The BRICS grouping, which includes embattled Iran among its members, is often characterized as an anti-Western bloc, or at least as an alternative to Western hegemony. That does not mean, however, that its members align with Iran.

Among the leading BRICS powers, Russia remains closest to Tehran. It has no interest in Iran’s defeat, as that would strengthen the US. The two countries are also cooperating on strategic projects, including in the defense industry, along the North-South transport corridor and in the operation of Iran’s nuclear power plant.

However, the extent of Russia’s support in the current conflict remains unclear. Diplomatic backing at the UN is evident, and Moscow appears to be providing Tehran with intelligence for military planning. Ukraine is already extracting enough from Russia to make another proxy war with the US unattractive.

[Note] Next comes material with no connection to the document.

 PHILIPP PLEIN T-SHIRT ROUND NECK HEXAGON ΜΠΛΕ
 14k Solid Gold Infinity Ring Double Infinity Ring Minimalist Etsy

The conflict has created new opportunities for Moscow. It has diverted US attention from Ukraine and sharply increased global demand for oil and gas, resources Russia can supply in abundance. As an energy exporter, it now holds a stronger position vis-à-vis China and India. Previously, it had been forced to offer steep discounts, while Beijing exerted pressure on prices and India, under US pressure, curtailed purchases. That balance is now shifting.

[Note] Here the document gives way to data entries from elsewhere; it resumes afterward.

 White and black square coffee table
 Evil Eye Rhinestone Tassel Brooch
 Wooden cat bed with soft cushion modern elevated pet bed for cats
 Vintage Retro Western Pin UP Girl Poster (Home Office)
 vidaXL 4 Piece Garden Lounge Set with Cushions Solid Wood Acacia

China Seeks Peace via Pakistan

China’s position is similarly complex. Like Russia, it has no interest in a decisive US victory in Iran. If the US becomes embroiled in a war there that exhausts and damages it, Washington will be diverted from its undisguised priority of containing China.

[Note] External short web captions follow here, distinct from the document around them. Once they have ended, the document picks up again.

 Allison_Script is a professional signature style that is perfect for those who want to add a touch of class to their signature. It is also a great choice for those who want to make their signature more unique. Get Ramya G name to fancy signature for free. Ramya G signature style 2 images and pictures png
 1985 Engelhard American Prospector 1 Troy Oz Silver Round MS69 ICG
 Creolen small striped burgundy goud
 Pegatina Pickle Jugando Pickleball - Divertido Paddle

At the same time, China depends on energy and raw materials from the Gulf, not only from Iran but also from Arab suppliers. Any large-scale destruction there would threaten extensive economic damage at home and weaken China’s position in its strategic partnership with Russia.

Beijing has therefore backed efforts by Pakistan to broker a ceasefire. It is apparently embarrassed by the Iranian initiative to charge for transit through the Strait of Hormuz in Chinese currency, an idea Americans dismiss as a red herring and one for which China itself appears unprepared.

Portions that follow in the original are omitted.